March 25, 2014 Re: Challenge: write a really really small front() for UTF8 | ||||
---|---|---|---|---|
| ||||
Posted in reply to Andrei Alexandrescu | Am 24.03.2014 17:44, schrieb Andrei Alexandrescu:
> On 3/24/14, 5:51 AM, w0rp wrote:
>> On Monday, 24 March 2014 at 09:02:19 UTC, monarch_dodra wrote:
>>> On Sunday, 23 March 2014 at 21:23:18 UTC, Andrei Alexandrescu wrote:
>>>> Here's a baseline: http://goo.gl/91vIGc. Destroy!
>>>>
>>>> Andrei
>>>
>>> Before we roll this out, could we discuss a strategy/guideline in
>>> regards to detecting and handling invalid UTF sequences?
>>>
>>> Having a fast "front" is fine and all, but if it means your program
>>> asserting in release (or worst, silently corrupting memory) just
>>> because the client was trying to read a bad text file, I'm unsure this
>>> is acceptable.
>>
>> I would strongly advise to at least offer an option
>
> Options are fine for functions etc. But front would need to find an
> all-around good compromise between speed and correctness.
>
> Andrei
>
b"\255".decode("utf-8", errors="strict") # UnicodeDecodeError
b"\255".decode("utf-8", errors="replace") # replacement character used
b"\255".decode("utf-8", errors="ignore") # Empty string, invalid
sequence removed.
i think there should be a base range for UTF8 iteration - with policy based error extension (like in python) and some variants that defer this base UTF8 range with different error behavior - and one of these become the phobos standard = default parameter so its still switchable
|
March 25, 2014 Re: Challenge: write a really really small front() for UTF8 | ||||
---|---|---|---|---|
| ||||
Posted in reply to Daniel N | On 25 March 2014 00:04, Daniel N <ufo@orbiting.us> wrote:
> On Monday, 24 March 2014 at 12:21:55 UTC, Daniel N wrote:
>>
>> I'm currently too busy to submit a complete solution, but please feel free to use my idea if you think it sounds promising.
>
>
> I now managed to dig up my old C source... but I'm still blocked by dmd not accepting the 'pext' instruction...
>
> 1) I know my solution is not directly comparable to the rest in this
> thread(for many reasons).
> 2) It's of course trivial to add a fast path for ascii... if desired.

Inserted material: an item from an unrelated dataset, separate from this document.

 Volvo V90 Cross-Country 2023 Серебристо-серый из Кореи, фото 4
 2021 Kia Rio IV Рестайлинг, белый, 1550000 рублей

> 3) It throws safety and standards out the window.
>
4) It's tied to one piece of hardware.
No Thankee.
|
March 25, 2014 Re: Challenge: write a really really small front() for UTF8 | ||||
---|---|---|---|---|
| ||||
Posted in reply to Iain Buclaw | On 3/25/2014 4:00 AM, Iain Buclaw wrote:
> On 25 March 2014 00:04, Daniel N <ufo@orbiting.us> wrote:
>> On Monday, 24 March 2014 at 12:21:55 UTC, Daniel N wrote:
>>>
>>> I'm currently too busy to submit a complete solution, but please feel free
>>> to use my idea if you think it sounds promising.
>>
>>
>> I now managed to dig up my old C source... but I'm still blocked by dmd not
>> accepting the 'pext' instruction...
>>
>> 1) I know my solution is not directly comparable to the rest in this
>> thread(for many reasons).
>> 2) It's of course trivial to add a fast path for ascii... if desired.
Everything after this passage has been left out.